Un amigo tuyo “retuiteó” a altas horas de la madrugada –las
cinco o las seis más o menos- una
canción
que a un perfecto desconocido le había resultado la hostia, perdón
por la expresión, y que tú, valiente y osado, te animas a escuchar
sobre las ocho de la mañana sin muchas expectativas y sin los
prejuicios habituales de cualquier otro momento del día en el que el
sueño no te domina. A ver qué pasa.
Terminas
de escucharla y no está mal. La escuchas otra vez. Suenan bien.
Parecen buenos, te repites por dentro, pero las prisas hacen que
pospongas la investigación para más adelante. The
Black Keys.
¿Y estos quiénes son? Antes de ver qué pintas tienen escuchas
varios
temas más
en el Spotify
y te siguen gustando. Suenan muy bien, cada vez mejor. Es un estilo
raro hoy en día. Blues contemporáneo con una pizca de soul y
arreglos propios del funk. Diferente al blues de New Orleans y
difícil de ver en una época en la que prima lo electrónico, la
discoteca y el pop sin sustancia y repetitivo.
El
sonido de los Black
Keys
sería como una mezcla entre la música tradicional americana más
rancia y los gafapastas suecos. Tendencias que por sí solas resultan
bastante insoportables pero que al conjugarse producen un sabor
nuevo, intenso y bastante agradable. Not
bad.
Los
artífices de todo esto son dos amigos, Patrick Carney y Dan
Auerbach. De Akron, Ohio (EEUU). Son unos tipos algo raros; The
Black Keys
significa “las teclas negras”, expresión americana que un amigo
suyo destinaba a aquellos que no están del todo bien de la cabeza.

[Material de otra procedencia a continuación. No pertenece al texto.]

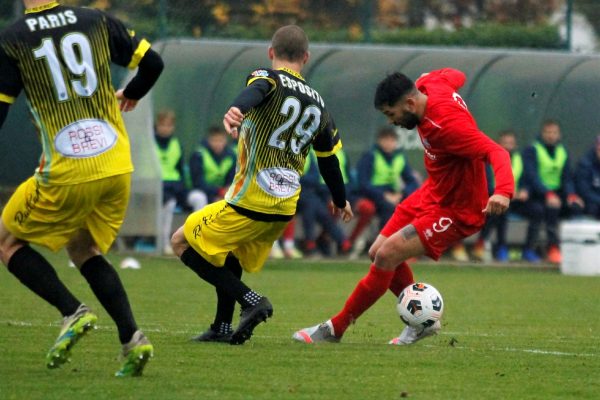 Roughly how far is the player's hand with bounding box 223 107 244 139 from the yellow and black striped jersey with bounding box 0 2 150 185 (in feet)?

Se conocen de toda la vida y a tenor de alguno de sus video
clips,
también han llegado a las manos en alguna ocasión. Ambos son
peculiares y Auerbach lo es más. Suele abstraerse de la realidad que
le rodea con gran facilidad pero sin ninguna malicia. Carney es
bastante borde –aunque con facilidad para hacer amigos- y no tiene
pelos la lengua que hay debajo de unas gafas de pasta XXL.
Tándem
de lujo y referencia en Norteamérica desembarcaron con fuerza en
España con la promoción de su último disco, “El Camino”, un
poco diferente a lo que venían haciendo, quizá más europeo y
comercial. La base sonora actual es difusa y distorsionada pero de
ella sobresalen guitarras bastante limpias. En ocasiones recuerdan
más a Elvis que a los Red Hot, a los que en momentos puntuales
llegan, bajo mi modesta percepción, a imitar
con bastante acierto.
Pasajes brillantes que recuerdan al sonido de bandas de rock indie
que, curiosamente, también triunfaron en las listas de éxitos años
atrás. Paradoja reservada sólo a los mejores.
Con
sus últimos discos, especialmente desde el lanzamiento de “Brothers”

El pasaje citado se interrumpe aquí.